Found In: Weddings & Commitment Ceremonies
This ceremony takes place immediately after the signing of the ketubah and wedding license, and helps the couple, and their close family, to refocus upon the meaning of the moments they are about to live.
This setup assumes a heterosexual marriage but it can certainly be adapted – the bride and groom stand back to back, with their parents facing them on either side (and/or appropriate family members). First the bride’s family blesses her with the blessing of Rivka, and then the groom’s family blesses him. They then continue with the y’sim’kha, and then we go back to the bride for her y’simekh.
The form of the final blessing is Marcia Falk’s, from her Book of Blessings.
Bride’s parents/ family:
אחותינו את היי לאלפי רבבה.
Our sister, may you grow into myriads of thousands!
אחינו אתה היה לאלפי רבבה.
Our brother, may you grow into myriads of thousands!
ישימך כאפריים ומנשה.
May God make you like Efrayim and Menashe – These two sons of Joseph, the first Jews to be born and raised in exile, yet found their place with their brothers as builders of the House of Israel. Wherever you wander, may you find your strength in the journey you share with the people of Israel.
ישימך כרחל, לאה, ומרים.
May God make you like Rahel, Leah, and Miriam – May you be like these sisters, mothers, and companions who brought light to the tent, brought us to a fuller envisioning of the many manifestations of God’s presence in our midst, and taught us to dance.

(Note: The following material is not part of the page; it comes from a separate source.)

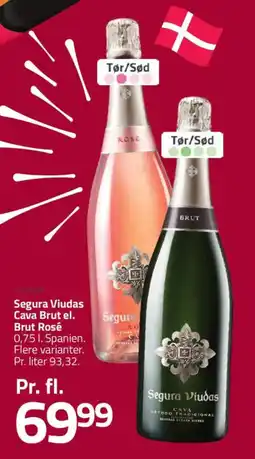 Fleggaard SEGURA VIUDAS Cava brut el. brut rosé tilbud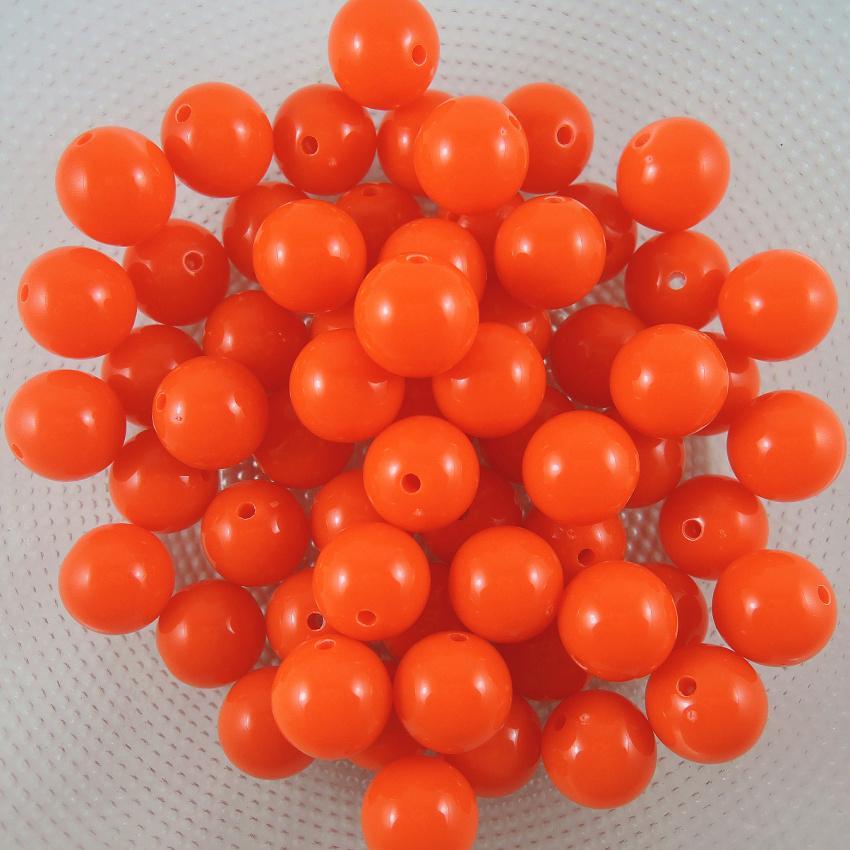 Wholesale Acrylic Solid DIY Plastic Spacer Beads Jewelry Accessories Bubblegum Round Loose Ball 6.8.10.12.14mm YK-13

The two families are now invited to share a few moments speaking privately and quietly with their offspring/family member who is about to get married. When they are finished, the bride and groom turn to face each other, and are invited to take each other’s hands. The rabbi points out that this is the moment when the parents literally send their children forth from their family of origin so that they make make their own family. All they have tried to teach and all their love goes with these adult children who will soon commit their lives to each other beneath the huppah.
When you next behold each other’s faces, it will be beneath the huppah, the symbol of the home you now begin to build. In that creative act of love may you always build each other, and yourselves, and may you always see each other’s faces the reflection of God’s presence.
[If there is a veil, it is lowered now.]
Rabbi concludes with final blessing:
תהיו אשר תהיו, ותהיו ברוכים בכל אשר תהיו.
Be who you are, and may you be blessed in all that you will be.